• **Directions**
Reproduce exactly the line with "this 340×300 image." and the lines after it. Stop at the last line of the data and include nothing else.

• **Materials provided**
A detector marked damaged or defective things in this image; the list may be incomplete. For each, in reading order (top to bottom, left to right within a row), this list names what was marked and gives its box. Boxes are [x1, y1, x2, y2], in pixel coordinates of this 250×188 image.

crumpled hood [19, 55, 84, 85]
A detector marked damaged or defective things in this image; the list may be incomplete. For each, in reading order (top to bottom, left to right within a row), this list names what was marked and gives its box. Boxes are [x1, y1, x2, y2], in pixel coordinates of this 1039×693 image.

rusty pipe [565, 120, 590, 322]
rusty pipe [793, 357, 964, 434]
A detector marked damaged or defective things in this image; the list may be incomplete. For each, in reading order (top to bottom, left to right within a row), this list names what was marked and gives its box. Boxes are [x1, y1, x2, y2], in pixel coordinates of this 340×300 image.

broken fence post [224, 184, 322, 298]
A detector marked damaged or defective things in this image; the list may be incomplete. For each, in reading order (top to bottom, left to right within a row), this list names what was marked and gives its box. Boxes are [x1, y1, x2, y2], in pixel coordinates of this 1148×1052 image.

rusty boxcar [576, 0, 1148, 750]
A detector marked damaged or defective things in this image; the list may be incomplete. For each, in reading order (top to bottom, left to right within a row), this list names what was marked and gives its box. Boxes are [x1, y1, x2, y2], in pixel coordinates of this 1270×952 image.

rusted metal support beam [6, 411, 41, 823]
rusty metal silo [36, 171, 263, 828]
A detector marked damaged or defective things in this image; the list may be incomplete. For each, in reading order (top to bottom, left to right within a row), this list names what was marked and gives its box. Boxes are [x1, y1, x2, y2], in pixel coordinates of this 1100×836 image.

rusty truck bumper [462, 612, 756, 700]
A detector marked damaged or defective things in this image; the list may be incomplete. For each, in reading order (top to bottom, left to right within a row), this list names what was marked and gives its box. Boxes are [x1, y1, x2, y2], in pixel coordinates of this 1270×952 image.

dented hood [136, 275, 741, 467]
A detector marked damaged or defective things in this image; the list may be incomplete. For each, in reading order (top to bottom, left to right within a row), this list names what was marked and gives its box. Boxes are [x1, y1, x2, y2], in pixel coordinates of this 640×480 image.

• **Exercise result**
A detector marked damaged or defective things in this image; the list may be incomplete. For each, in reading order (top to bottom, left to right within a row), this list names what was marked and gives its box. Boxes are [x1, y1, x2, y2], in pixel coordinates of this 340×300 image.

broken fence post [224, 184, 322, 298]
A detector marked damaged or defective things in this image; the list may be incomplete. For each, in reading order (top to bottom, left to right within a row), this list names what was marked and gives its box. Boxes are [x1, y1, x2, y2], in pixel coordinates of this 1148×1052 image.

rusty boxcar [576, 0, 1148, 750]
A detector marked damaged or defective things in this image; the list may be incomplete. For each, in reading order (top to bottom, left to right within a row), this list names what was marked and gives its box. Boxes are [x1, y1, x2, y2], in pixel coordinates of this 1270×952 image.

rusted metal support beam [6, 411, 41, 823]
rusty metal silo [36, 171, 263, 828]
A detector marked damaged or defective things in this image; the list may be incomplete. For each, in reading order (top to bottom, left to right within a row), this list names what was marked and gives its box. Boxes are [x1, y1, x2, y2], in pixel coordinates of this 1100×836 image.

rusty truck bumper [462, 612, 756, 700]
A detector marked damaged or defective things in this image; the list may be incomplete. For each, in reading order (top to bottom, left to right within a row), this list names what was marked and gives its box. Boxes are [x1, y1, x2, y2], in pixel coordinates of this 1270×952 image.

dented hood [136, 275, 741, 467]
A detector marked damaged or defective things in this image; the list may be incomplete. For each, in reading order (top to bottom, left to right within a row), this list names what was marked and gives its box. Boxes are [x1, y1, x2, y2], in pixel coordinates of this 640×480 image.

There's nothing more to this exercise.